第103話 対トレントと無茶振り
「これは……凄い!さっきまでと魔法の威力が桁違いだ」
魔物と戦いながらミラが喜びの声を上げる。レンのステータス改造によってミラは、上の段階に進んだ。
それにしてもミラの魔法は、使うたびに上達が速い気がするが、もしかすると賢者の卵の効果かもしれないなと興味深そうにレンはみる。
彼女も十分チートなのだが、レンの前では霞んでしまうのは仕方のないことだ。
ミラの調子が上がり、そこからガンガン迷宮を登っていく。
あっという間に20階層に到着する。大森林の階層だ。突然飛び出してくる魔物に驚きながらも、ミラは対応することが出来ていた。
「あれがボス部屋かな?」
エリアスが前方を指差しながら聞いてくる。一度レンは来たことがあるためすぐにわかった。
「そうだね。あれがボス部屋だ」
4人は扉に向かって歩いていく。大森林ではあるがここの道は歩きやすい方だ。
「あれ?敵がいないな……」
ボス部屋に入ってミラは呟く。
「目の前にいるからな!気を付けろよ」
とレンは、周りに教えておく。
「ここのボスはトレントか!」
エリアスは、剣を抜きながら答える。冒険者をこれまでもやっているので知ってるようだ。
「あれがねぇ……初めて見たわね」
ルティアは、知ってる様だが見るのは初めてのようだ。
「今回は3人で戦ってみてくれ」
とレンが声をかける。
「わかった、私が前に出るからミラは魔法で援護して。ダメージを負ったらルティアが回復を……後攻撃出来るなら無理せずにね」
とエリアスが言い魔法を使ってトレントに向かっていく。
「まかせなさい!」
「わかった!」
と2人は返事をして準備を始める。
「ライトニング!」
雷を纏ったエリアスは、トレントのツルを余裕でかわしながら本体に向かっていく。
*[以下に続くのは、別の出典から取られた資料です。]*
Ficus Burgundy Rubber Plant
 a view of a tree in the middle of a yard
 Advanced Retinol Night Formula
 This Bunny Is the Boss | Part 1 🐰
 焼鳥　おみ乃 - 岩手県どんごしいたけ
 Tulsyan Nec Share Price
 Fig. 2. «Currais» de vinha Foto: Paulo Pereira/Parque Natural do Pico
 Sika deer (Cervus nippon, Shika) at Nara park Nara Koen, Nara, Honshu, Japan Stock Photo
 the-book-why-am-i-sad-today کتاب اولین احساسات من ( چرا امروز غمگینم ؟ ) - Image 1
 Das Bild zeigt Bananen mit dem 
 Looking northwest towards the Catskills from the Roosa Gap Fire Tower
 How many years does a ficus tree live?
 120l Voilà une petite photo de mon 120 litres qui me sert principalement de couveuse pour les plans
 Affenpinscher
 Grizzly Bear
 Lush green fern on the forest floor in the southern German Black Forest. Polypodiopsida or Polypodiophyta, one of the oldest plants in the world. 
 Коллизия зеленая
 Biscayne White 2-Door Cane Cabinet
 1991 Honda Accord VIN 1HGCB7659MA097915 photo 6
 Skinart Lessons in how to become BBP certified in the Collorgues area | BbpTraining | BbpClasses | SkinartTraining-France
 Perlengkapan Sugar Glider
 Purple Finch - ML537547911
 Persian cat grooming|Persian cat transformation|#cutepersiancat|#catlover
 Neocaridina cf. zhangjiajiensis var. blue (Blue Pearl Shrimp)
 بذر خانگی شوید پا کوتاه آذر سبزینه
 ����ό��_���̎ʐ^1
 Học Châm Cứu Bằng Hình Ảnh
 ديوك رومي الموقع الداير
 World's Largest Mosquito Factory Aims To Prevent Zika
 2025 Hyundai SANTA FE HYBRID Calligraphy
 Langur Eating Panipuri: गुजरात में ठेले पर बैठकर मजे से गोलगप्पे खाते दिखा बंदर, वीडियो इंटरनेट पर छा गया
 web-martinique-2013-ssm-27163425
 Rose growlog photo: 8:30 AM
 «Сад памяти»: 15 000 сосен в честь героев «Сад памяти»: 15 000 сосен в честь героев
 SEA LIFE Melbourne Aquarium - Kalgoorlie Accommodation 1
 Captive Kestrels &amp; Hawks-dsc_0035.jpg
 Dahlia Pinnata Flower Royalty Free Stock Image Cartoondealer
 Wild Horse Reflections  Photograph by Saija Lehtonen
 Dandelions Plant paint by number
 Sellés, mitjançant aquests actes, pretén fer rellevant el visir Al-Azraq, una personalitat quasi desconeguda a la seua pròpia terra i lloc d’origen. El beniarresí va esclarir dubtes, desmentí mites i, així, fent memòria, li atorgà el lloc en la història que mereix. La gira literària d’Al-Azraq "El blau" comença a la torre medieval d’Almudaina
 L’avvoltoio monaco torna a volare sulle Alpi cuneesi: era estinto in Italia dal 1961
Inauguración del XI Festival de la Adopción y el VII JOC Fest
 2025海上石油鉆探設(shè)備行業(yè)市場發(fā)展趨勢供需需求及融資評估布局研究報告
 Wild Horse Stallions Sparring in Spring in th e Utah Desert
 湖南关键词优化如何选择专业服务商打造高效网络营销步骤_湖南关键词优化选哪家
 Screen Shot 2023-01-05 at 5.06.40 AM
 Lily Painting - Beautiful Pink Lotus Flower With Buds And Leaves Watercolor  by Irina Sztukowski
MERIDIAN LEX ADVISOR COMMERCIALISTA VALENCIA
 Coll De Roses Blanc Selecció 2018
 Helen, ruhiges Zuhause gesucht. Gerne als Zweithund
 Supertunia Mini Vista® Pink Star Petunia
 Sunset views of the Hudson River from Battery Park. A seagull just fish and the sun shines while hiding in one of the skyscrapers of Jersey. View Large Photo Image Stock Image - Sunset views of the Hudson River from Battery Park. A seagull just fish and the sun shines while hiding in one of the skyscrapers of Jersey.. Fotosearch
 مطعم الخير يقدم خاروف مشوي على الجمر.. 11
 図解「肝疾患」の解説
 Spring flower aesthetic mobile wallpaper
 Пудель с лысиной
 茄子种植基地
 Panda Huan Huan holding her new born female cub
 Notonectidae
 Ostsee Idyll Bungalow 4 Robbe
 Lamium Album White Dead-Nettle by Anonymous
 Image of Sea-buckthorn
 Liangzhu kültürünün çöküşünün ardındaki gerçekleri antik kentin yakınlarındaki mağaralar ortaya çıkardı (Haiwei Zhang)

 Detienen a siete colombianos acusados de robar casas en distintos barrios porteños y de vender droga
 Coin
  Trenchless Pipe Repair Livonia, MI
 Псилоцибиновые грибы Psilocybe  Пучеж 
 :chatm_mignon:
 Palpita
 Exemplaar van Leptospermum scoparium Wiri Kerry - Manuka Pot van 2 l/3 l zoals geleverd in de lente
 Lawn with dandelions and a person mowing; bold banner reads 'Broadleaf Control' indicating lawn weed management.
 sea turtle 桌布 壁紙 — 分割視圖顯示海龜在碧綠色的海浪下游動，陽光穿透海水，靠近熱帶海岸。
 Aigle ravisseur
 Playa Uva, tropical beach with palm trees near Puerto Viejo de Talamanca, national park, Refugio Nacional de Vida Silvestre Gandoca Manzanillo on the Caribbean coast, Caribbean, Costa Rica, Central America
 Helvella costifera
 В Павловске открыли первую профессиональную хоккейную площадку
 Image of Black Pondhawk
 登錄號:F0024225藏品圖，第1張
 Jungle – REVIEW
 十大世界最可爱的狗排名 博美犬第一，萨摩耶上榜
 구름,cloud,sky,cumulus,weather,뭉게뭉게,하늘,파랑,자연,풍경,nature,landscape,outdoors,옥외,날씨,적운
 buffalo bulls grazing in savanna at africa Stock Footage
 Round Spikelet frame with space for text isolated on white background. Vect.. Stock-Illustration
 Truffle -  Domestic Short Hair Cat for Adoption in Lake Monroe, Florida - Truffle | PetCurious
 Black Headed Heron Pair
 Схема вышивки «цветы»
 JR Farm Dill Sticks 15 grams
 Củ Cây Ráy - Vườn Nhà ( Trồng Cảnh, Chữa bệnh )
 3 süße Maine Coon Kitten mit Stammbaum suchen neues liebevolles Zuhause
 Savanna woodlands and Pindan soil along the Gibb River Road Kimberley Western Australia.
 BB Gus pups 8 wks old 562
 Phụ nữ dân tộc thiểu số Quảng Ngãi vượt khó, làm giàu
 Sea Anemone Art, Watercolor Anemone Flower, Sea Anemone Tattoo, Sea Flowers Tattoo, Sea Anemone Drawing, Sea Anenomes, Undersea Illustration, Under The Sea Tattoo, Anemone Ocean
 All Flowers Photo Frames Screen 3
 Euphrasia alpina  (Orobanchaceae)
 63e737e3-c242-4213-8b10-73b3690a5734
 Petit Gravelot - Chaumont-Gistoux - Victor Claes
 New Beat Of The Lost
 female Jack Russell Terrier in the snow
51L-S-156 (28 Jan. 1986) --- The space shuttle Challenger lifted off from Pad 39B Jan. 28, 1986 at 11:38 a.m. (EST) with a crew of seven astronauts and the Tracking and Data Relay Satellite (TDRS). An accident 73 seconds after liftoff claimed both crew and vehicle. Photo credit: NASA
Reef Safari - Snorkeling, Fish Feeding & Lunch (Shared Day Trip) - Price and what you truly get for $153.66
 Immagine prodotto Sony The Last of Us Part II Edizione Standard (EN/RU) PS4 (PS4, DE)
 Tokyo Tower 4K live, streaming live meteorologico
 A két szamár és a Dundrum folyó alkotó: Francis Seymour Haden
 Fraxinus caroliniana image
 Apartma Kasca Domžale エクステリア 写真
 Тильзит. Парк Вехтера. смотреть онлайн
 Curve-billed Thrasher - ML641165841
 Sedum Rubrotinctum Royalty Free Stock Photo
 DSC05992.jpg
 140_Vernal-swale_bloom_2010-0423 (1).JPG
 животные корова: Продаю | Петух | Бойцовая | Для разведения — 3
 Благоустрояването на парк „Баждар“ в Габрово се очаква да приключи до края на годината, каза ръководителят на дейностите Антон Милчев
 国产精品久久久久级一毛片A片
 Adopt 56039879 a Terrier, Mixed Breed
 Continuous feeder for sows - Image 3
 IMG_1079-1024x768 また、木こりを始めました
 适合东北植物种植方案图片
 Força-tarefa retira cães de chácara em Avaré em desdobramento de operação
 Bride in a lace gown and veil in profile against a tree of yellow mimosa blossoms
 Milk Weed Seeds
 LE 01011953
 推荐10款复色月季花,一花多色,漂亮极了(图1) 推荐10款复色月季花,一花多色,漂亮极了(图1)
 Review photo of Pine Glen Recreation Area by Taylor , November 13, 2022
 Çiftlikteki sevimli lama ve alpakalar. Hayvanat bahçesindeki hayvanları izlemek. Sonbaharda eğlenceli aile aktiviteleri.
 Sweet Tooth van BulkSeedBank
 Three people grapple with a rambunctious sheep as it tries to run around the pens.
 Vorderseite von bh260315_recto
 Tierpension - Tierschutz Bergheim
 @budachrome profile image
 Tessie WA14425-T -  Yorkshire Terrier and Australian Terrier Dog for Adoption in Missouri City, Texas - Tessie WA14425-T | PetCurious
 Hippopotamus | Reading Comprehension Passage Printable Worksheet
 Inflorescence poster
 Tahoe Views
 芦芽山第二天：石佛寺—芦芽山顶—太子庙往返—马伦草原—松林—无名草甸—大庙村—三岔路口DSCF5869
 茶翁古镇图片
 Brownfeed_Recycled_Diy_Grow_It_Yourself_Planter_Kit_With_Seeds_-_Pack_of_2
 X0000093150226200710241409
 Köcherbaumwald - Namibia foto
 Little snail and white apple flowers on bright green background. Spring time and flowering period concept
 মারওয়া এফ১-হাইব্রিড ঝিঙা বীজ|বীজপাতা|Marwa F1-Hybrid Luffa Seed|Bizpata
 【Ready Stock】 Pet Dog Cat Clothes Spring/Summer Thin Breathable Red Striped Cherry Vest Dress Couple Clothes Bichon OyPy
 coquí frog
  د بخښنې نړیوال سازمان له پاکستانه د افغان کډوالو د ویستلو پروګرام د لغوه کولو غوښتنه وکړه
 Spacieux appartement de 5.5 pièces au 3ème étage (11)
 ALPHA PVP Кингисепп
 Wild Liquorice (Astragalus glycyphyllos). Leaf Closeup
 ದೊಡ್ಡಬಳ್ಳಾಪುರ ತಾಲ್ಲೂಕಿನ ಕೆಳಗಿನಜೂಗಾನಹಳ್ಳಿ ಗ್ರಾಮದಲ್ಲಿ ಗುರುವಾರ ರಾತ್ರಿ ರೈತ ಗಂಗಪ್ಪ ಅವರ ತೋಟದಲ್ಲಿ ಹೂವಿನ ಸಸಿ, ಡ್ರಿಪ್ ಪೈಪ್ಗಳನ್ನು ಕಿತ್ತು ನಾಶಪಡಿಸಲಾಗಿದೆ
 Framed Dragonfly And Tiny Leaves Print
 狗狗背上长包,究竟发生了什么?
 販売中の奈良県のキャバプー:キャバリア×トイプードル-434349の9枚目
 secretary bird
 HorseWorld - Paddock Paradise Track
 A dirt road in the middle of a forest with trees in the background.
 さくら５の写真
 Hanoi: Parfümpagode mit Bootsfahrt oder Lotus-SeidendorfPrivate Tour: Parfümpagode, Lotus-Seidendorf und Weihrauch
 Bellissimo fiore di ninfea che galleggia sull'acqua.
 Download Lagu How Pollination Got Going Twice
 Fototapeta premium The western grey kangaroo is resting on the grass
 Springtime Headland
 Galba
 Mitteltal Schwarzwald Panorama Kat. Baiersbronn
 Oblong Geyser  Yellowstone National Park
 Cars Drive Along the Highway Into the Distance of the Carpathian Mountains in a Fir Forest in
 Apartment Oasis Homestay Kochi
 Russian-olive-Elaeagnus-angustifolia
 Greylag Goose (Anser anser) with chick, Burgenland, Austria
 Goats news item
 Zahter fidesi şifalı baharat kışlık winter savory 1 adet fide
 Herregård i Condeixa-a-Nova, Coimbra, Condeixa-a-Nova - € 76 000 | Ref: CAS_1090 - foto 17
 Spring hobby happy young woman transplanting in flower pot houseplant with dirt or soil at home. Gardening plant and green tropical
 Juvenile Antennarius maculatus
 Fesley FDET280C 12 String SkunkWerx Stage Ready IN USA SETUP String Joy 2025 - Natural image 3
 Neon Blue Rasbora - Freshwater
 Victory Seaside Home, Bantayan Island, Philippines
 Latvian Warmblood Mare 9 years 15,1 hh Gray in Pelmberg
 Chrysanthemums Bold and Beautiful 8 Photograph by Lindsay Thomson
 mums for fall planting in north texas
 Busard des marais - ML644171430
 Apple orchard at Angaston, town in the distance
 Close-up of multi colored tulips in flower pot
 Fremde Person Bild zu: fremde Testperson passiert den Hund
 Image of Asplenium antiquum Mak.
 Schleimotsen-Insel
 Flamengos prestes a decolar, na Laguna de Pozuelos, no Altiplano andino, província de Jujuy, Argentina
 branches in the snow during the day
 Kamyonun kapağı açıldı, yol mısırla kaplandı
移動速度が前よりも上がったなとレンは思った。
「よーし、いくぞ!ファイヤボール」
ミラも魔法を放ちながらエリアスが進むのを援護していく。
「この程度の敵じゃエリアス達は、怪我しないわね。ファイヤドール……行きなさい!」
炎の人形がトレントのツルを燃やしながらも進んでいく。
「何その魔法!凄いんですけど!」
とミラがルティアの魔法を見て驚きの声を上げる。そういえば、初見だっただろうか。
「生命魔法との複合よ!私の思い通りに操れるわ」
と自信満々にルティアが言う。
「私も使ってみたいな」
ミラは羨ましそうに見ていた。
ルティア達の援護もありエリアスは本体の前にたどり着く。
「迷宮のトレントって結構大きいね。でも……装備変更、大剣!はぁぁぁぁぁぁ!」
跳躍してトレントの真上に来たエリアスは、武器を大剣に切り替えて頭上から叩き切る。
エリアスの大剣の攻撃によって真っ二つになったトレントが地面に横たわるのだった。
「終わってみるとあっさりだったわね」
とルティアが言う。
「2人とも強いなぁ……羨ましい〜」
ミラは、2人の戦いを見てやる気が上がったようだ。
「レン、前より強くなってた?」
エリアスは、すぐさまレンの所に行き聞いてくる。
「ああ、前よりも確実に強くなってるよ、エリアス」
と言いながらエリアスの頭を撫でる。尻尾がブンブン回っているため、嬉しそうだ。
「あらら、2人の空間が出来たわね」
「くうぅぅぅ!それも羨ましい」
と残されたルティアとミラが言っている。
気を取り直して、21階層を進み始める。
「迷宮って、完全に攻略したら何か良いもの貰えるかな〜?凄く興味があるんだよね!」
ミラが言い出した。
「たしかに気になるな……強力なアイテムとかお宝とかありそうだ……」
レンも興味はある。
「ルティアなら本とかで見たことない?」
「うーん、これまで三大迷宮は攻略されてないからね。何が貰えるかわからないけど……普通の迷宮ならお金になるものとかが貰えるわ」
とエリアスに聞かれたためルティアが説明してくれる。
「となると、三大迷宮とか言われてる位だから相当な物が貰えるかもしれないね!楽しみだなぁ」
ミラは何やら攻略報酬を楽しみにしているようだ。
「何だったらレンが今すぐ登ってきたら?朝飯前じゃないかしら?」
とルティアの無茶振りがくる。
「100階層まであるかもなんだろ?まだレベル的に難しいと思うぞ?」
とレンは答える。どこまで行けるかは正直試してみたいとは思ったが……
さすがに無理か〜とみんなで笑うのだった。